Strange work unit.

Message boards : Number crunching : Strange work unit.

To post messages, you must log in.

AuthorMessage
Profile adrianxw
Avatar

Send message
Joined: 18 Sep 05
Posts: 558
Credit: 5,694,702
RAC: 6,598
Message 90461 - Posted: 2 Mar 2019, 12:02:20 UTC

I have a work unit on here, this one...

http://boinc.bakerlab.org/rosetta/result.php?resultid=1059492200

... which has behaved in an unusual fashion. I have the run time set to 12 hours, and understand the task runs several times in the time allowed starting with a new random number each time. I saw the above unit had run for over two days, and only a little over 8% complete. I suspended it and then released it, it dropped back to the start and is running again now and has passed the point where it stopped before, indeed, it is showing 13.757% progress.

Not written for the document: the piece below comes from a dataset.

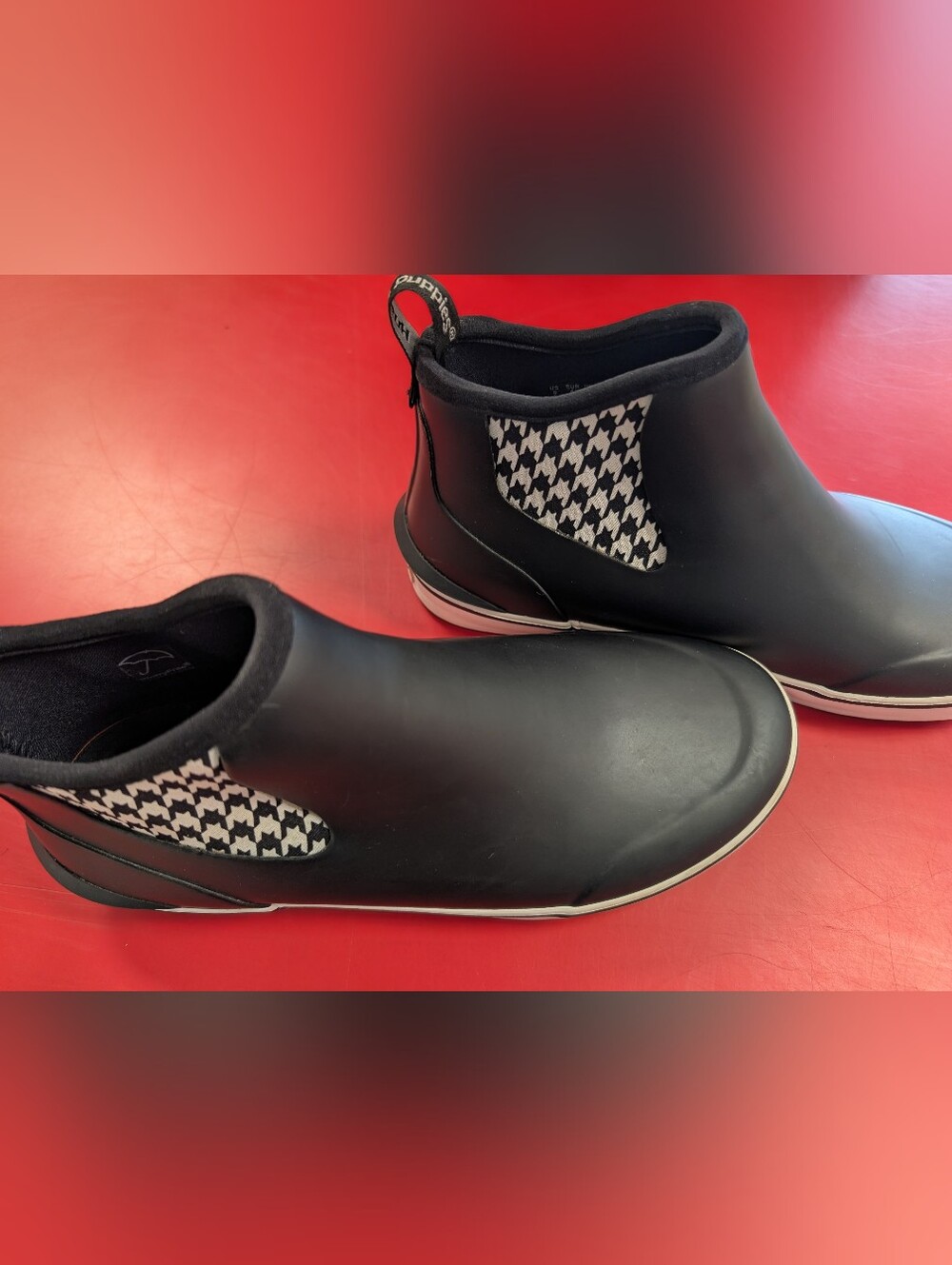 Hush Puppies Black Ankle Rain Boots with Houndstooth Panel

I infer from that, the task is sensitive to certain random numbers, which is a little odd, indeed, worrying. I have Rosetta running as one of the projects on machines that I do not see everyday.
Wave upon wave of demented avengers march cheerfully out of obscurity into the dream.
ID: 90461 · Rating: 0 · rate: Rate + / Rate - Report as offensive    Reply Quote
Mod.Sense
Volunteer moderator
Project administrator

Send message
Joined: 22 Aug 06
Posts: 3527
Credit: 0
RAC: 0
Message 90489 - Posted: 6 Mar 2019, 15:59:32 UTC

That one random start may expose a bug that is not seen by a million others is certainly a possibility. But, when a task gets reset like you describe, it will actually restart processing on the same random start. So it sounds like a BOINC issue, that I've not heard brought up for some time, where the BOINC Manager shows the tasks is running, and it is recording time, but the task does not actually get CPU time dispatched to it. You can look at the task manager of Windows or the properties of the task in the BOINC Manager to see if it is actually showing CPU time accumulating.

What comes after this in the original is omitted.